His family knew this. But they refused to describe him as gone. Hope was kept within reach, although a bit more of a stretch as each day passed. To anyone who would listen, Sonia Crane insisted she could sense her Leon was still alive. Call it a mother’s intuition or simple stubbornness. No one dared to contradict her.
But the facts couldn’t be ignored. The Army telegram said he was missing for more than a week. Anyone surviving the crash would stand little chance in the winter. Being homeless during a rough patch of Philadelphia winter could be harsh enough. What were the odds in Alaska? At Ladd Field, the bunks and lockers for Crane, Hoskin, and the rest of the Iceberg Inez crew were still untouched. That would change soon. The personal items would be packed up and eventually shipped south to the next of kin in the Army files.
Crane guessed the telegram was already sent to Baltimore Avenue. He pretty much knew the words, too, written in the military template: Missing since Dec. 21. . . . Searches have failed to find crash site or survivors. . . . We will keep you informed of any developments. It won’t say what really matters: it’s minus fifty some nights in the backcountry or that the military is no longer going to devote much energy to the hunt.
In hearts and minds, Crane was being reassigned to the rolls of the dead.

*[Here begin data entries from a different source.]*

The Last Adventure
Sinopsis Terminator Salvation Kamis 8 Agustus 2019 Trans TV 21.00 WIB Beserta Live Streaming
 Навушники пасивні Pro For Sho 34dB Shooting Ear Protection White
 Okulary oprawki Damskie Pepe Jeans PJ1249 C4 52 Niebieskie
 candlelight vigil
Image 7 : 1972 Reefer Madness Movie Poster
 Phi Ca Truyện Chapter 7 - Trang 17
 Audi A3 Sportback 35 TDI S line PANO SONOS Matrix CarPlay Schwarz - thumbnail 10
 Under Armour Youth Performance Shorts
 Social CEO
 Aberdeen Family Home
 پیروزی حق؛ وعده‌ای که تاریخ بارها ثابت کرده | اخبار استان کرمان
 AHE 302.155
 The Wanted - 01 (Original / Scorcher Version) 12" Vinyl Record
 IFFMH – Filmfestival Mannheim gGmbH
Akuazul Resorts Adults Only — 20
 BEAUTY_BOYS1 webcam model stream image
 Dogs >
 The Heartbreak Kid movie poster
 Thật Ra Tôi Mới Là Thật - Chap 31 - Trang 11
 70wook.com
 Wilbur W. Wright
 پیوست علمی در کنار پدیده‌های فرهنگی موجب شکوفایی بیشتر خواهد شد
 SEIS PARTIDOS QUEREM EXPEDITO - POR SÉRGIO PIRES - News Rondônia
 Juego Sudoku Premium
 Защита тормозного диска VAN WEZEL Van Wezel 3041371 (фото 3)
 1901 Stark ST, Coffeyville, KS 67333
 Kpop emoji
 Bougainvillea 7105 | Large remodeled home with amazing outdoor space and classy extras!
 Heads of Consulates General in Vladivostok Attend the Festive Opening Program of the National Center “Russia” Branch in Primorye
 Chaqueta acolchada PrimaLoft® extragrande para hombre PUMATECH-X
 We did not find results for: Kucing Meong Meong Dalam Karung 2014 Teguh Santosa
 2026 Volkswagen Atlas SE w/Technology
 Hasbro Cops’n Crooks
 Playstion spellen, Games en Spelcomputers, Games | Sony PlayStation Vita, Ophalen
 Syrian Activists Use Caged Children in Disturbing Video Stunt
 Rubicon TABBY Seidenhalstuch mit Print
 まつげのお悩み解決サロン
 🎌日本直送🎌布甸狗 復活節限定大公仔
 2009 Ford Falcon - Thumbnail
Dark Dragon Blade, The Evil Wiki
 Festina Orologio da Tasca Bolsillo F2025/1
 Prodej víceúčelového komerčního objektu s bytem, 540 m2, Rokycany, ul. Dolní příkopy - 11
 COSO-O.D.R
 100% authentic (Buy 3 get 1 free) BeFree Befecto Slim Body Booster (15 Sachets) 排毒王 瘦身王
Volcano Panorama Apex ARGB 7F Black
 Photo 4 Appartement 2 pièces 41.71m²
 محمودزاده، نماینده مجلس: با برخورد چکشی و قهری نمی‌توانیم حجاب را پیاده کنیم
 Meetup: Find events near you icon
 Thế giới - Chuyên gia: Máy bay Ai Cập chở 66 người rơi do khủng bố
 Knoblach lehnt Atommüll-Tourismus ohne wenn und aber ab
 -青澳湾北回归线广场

He was turning into a living ghost, an invisible pilgrim.
Crane found a special cruelness in this in-between world.
There were no walls or barbwires cutting him off as with prisoners of war (POWs). He wasn’t pinned under wreckage. Only space and the winter stood in his way. That was more than enough, of course. But, at times, he seemed so connected, so heartbreakingly close, to what was on the other side. This waxing cr
escent moon over the Alaskan Yukon in late December was the same one that rose over Ladd Field and Philadelphia and Boston and Berlin. The constellations decorating the sky were the same ones seen from outside some warm and well-stocked cabin maybe just over the horizon. The wind stinging his cheeks was pulled around the globe by weather cells that mingle and collide—all seamlessly connected—from continent to continent.
These were curious thoughts for Crane. He was not a man of poetry. Crane was shaped by machines and their power. What he most admired was how these creations could shove aside nature and natural limits. As a boy, he studied the steamships that crossed oceans without relying on the winds. He dissected the workings of automobile engines that shrank distances and made the horseman a quaint obsolescence by the time he was born. In his eyes, though, air travel was the ultimate expression of man’s mastery. It fulfilled dreams as fundamental as dreams themselves. Leonardo da Vinci sketched his ideas of taking flight. Further back, the Greeks wrapped stories and morality tales around the wings of Daedalus. Even earlier, the awed Ezekiel of the Old Testament watched the spinning wheels that carried aloft heavenly creatures. At MIT Crane’s science-for-the-people avionics mentor, Manfred Rauscher, was hailed for figuring out how to get earthbound hardware off the ground. “He makes them fly,” said the caption under Rauscher on Crane’s senior yearbook.
Crane’s interests leaned toward speed. He concentrated on pushing the limits of the relatively new science of jet engines. Now, his world had contracted to the pace when the skies were out of reach. His pace below was one step at a time.
He paused on the hillside. There was perhaps ninety minutes of light left. He could probably make it over the next ridge. He wouldn’t have the stamina to turn back to the river after that.